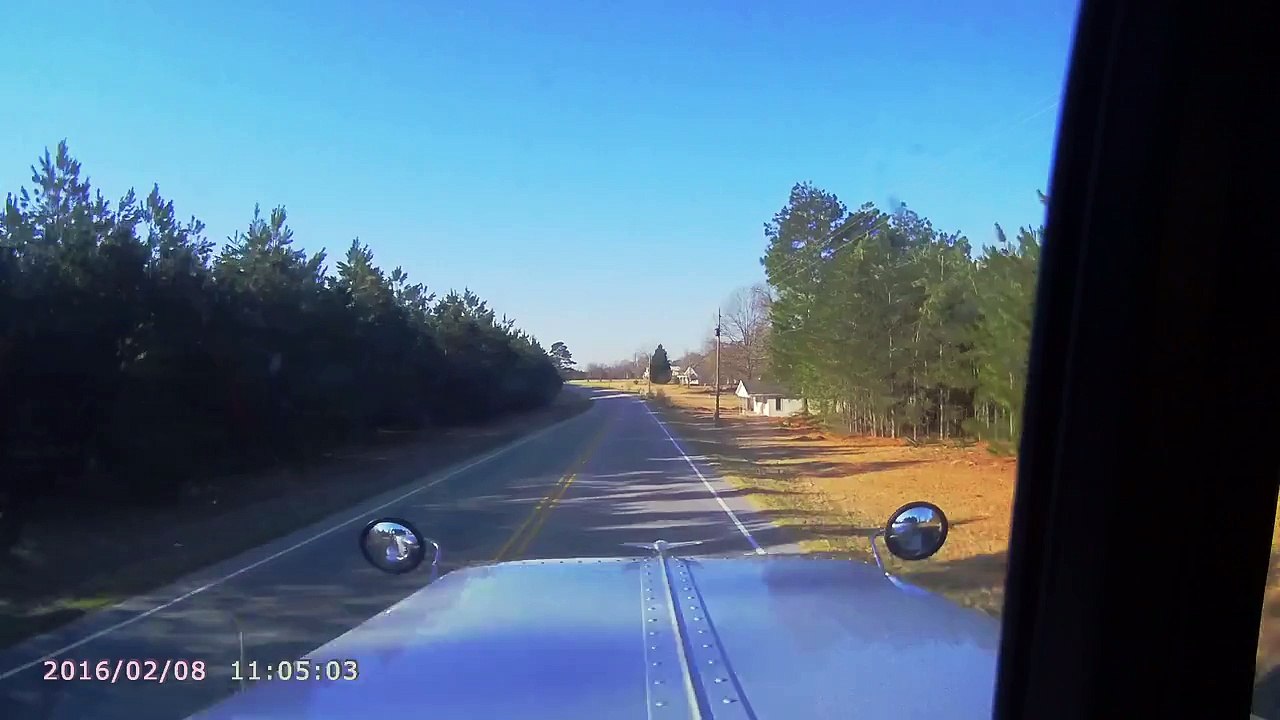 Un camion percute violement une maison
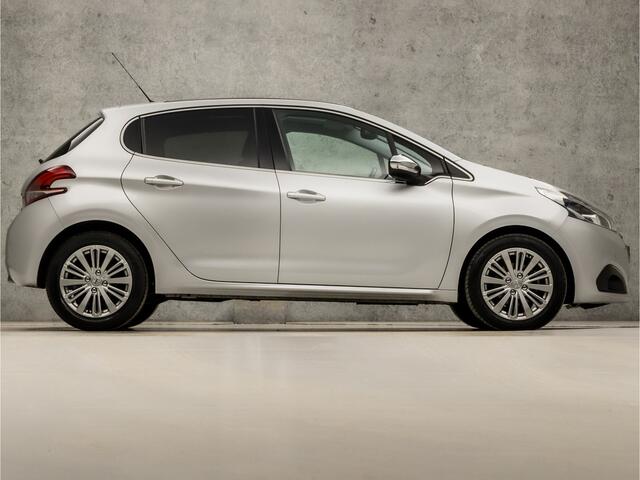 Peugeot 208 1.2 PureTech Allure Sport (PANORAMADAK, APPLE CARPLAY, NAVIGATIE, CLIMATE, GETINT GLAS, SPORTSTOELEN, CRUISE, LM VELGEN, NIEUWE APK, NIEUWSTAAT)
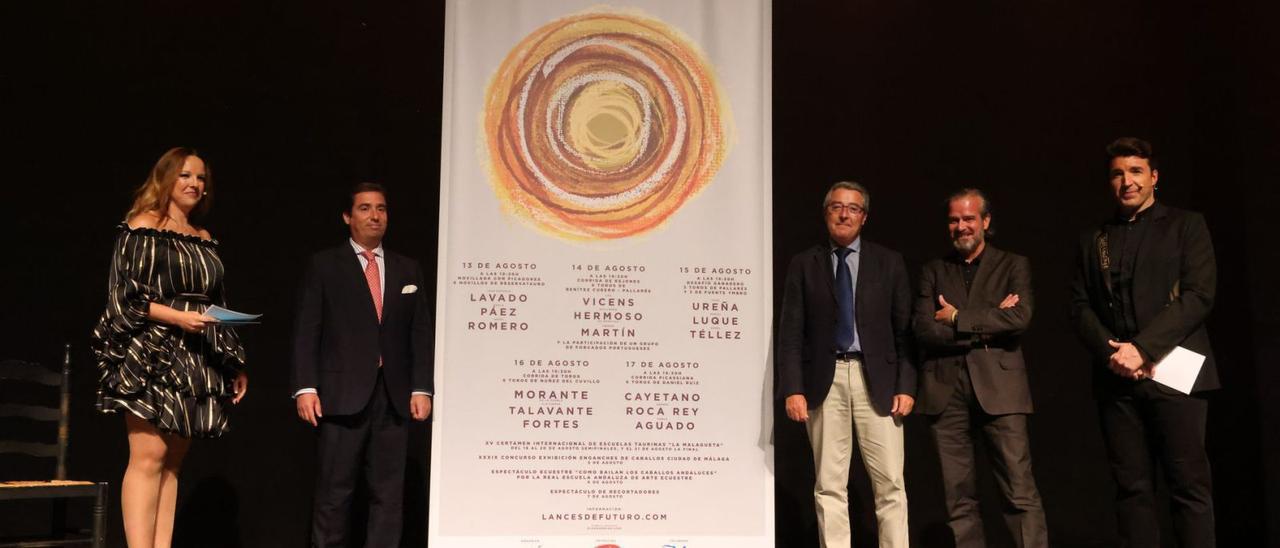 Los responsables instituciones y de la Feria Taurina, en la presentación de los carteles. | LA OPINIÓN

· · ·

→ **The problem**: With the pictures excluded, restate the material exactly as it stands.

→ **Solution for this exercise**:
 Un camion percute violement une maison
 Peugeot 208 1.2 PureTech Allure Sport (PANORAMADAK, APPLE CARPLAY, NAVIGATIE, CLIMATE, GETINT GLAS, SPORTSTOELEN, CRUISE, LM VELGEN, NIEUWE APK, NIEUWSTAAT)
 Los responsables instituciones y de la Feria Taurina, en la presentación de los carteles. | LA OPINIÓN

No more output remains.